You can find the solution described in this blog post in the aws-dynamodb-encrypt-with-abac GitHub repository. This solution uses ABAC combined with KMS encryption context to provide isolation of tenant data, both at rest and at run time. By using a single KMS key, the application encrypts tenant data on the client-side, and stores it in a pooled DynamoDB table, which is partitioned by a tenant ID.

Solution Architecture

Figure 1: Components of solution architecture

Figure 1: Components of solution architecture

The presented solution implements an API with a single AWS Lambda function behind an Amazon API Gateway, and implements processing for two types of requests:

  1. GET request: fetch any key-value pairs stored in the tenant data store for the given tenant ID.
  2. POST request: store the provided key-value pairs in the tenant data store for the given tenant ID, overwriting any existing data for the same tenant ID.

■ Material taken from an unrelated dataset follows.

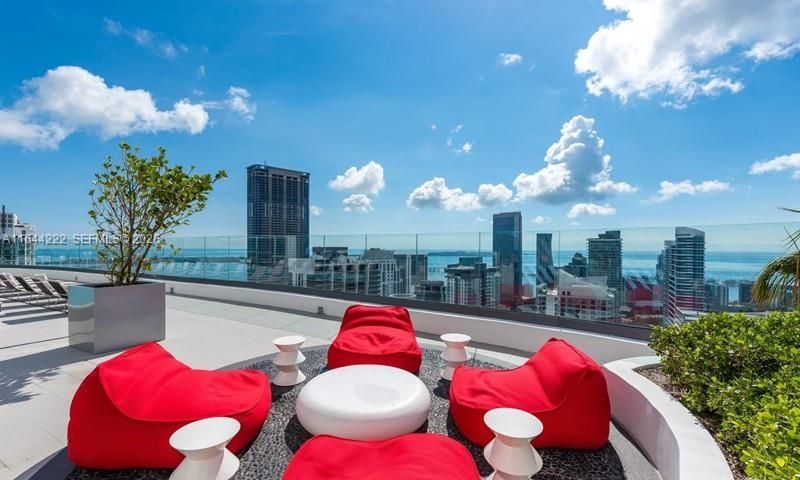 45 SW 9th St, Unit 1005, Miami, FL 33130 Photo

The application is written in Python, it uses AWS Lambda Powertools for Python, and you deploy it by using the AWS CDK.

It also uses the DynamoDB Encryption Client for Python, which includes several helper classes that mirror the AWS SDK for Python (Boto3) classes for DynamoDB. This solution uses the EncryptedResource helper class which provides Boto3 compatible get_item and put_item methods. The helper class is used together with the KMS Materials Provider to handle encryption and decryption with AWS KMS transparently for the application.

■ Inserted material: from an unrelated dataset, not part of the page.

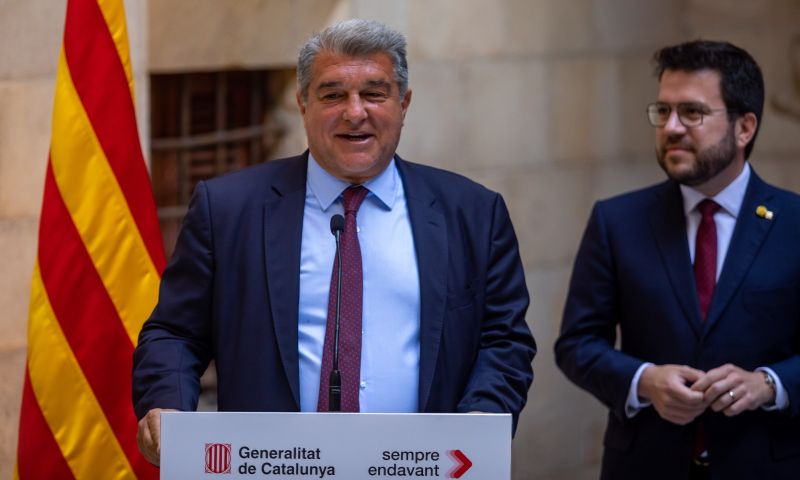 Laporta reageert op afgeketste Messi-move: 'Toen wilde zijn vader me zien...'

Note: This example solution provides no authentication of the caller identity. See chapter “Considerations for authentication and authorization” for further guidance.

How it works

Figure 2: Detailed architecture for storing new or updated tenant data

Figure 2: Detailed architecture for storing new or updated tenant data

As requests are made into the application’s API, they are routed by API Gateway to the application’s Lambda function (1). The Lambda function begins to run with the IAM permissions that its IAM execution role (DefaultExecutionRole) has been granted. These permissions do not grant any access to the DynamoDB table or the KMS key. In order to access these resources, the Lambda function first needs to assume the ResourceAccessRole, which does have the necessary permissions. To implement ABAC more securely in this use case, it is important that the application maintains clear separation of IAM permissions between the assumed ResourceAccessRole and the DefaultExecutionRole.

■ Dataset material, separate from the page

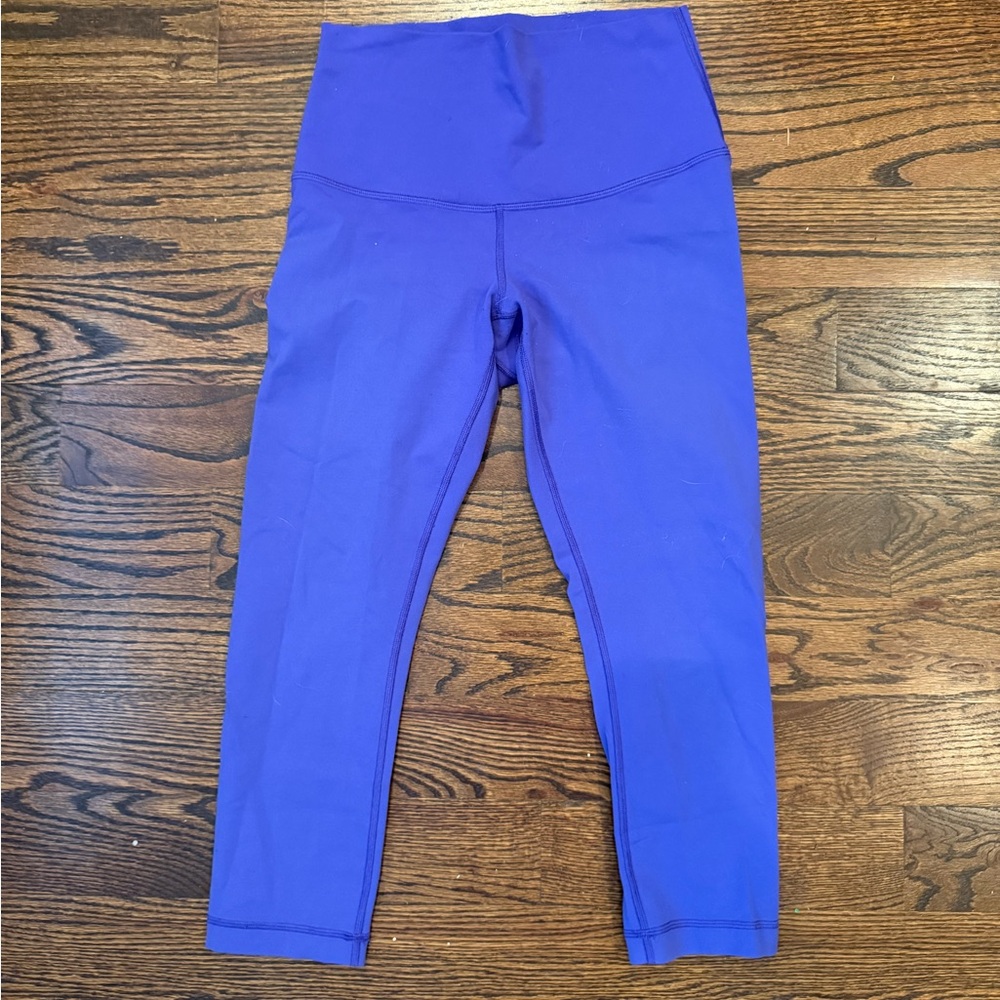 Lululemon wunder under purple crops. Size 6. Bright fun color!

As the application assumes the ResourceAccessRole using the AssumeRole API call (2), it also sets a TenantID session tag. Session tags are key-value pairs that can be passed when you assume an IAM role in AWS Simple Token Service (AWS STS), and are a fundamental core building block of ABAC on AWS. When the session credentials (3) are used to make a subsequent request, the request context includes the aws:PrincipalTag context key, which can be used to access the session’s tags. The chapter “The ResourceAccessRole policy” describes how the aws:PrincipalTag context key is used in IAM policy condition statements to implement ABAC for this solution. Note that for demonstration purposes, this solution receives the value for the TenantID tag directly from the request URL, and it is not authenticated.

The trust policy of the ResourceAccessRole defines the principals that are allowed to assume the role, and to tag the assumed role session. Make sure to limit the principals to the least needed for your application to function. In this solution, the application Lambda function is the only trusted principal defined in the trust policy.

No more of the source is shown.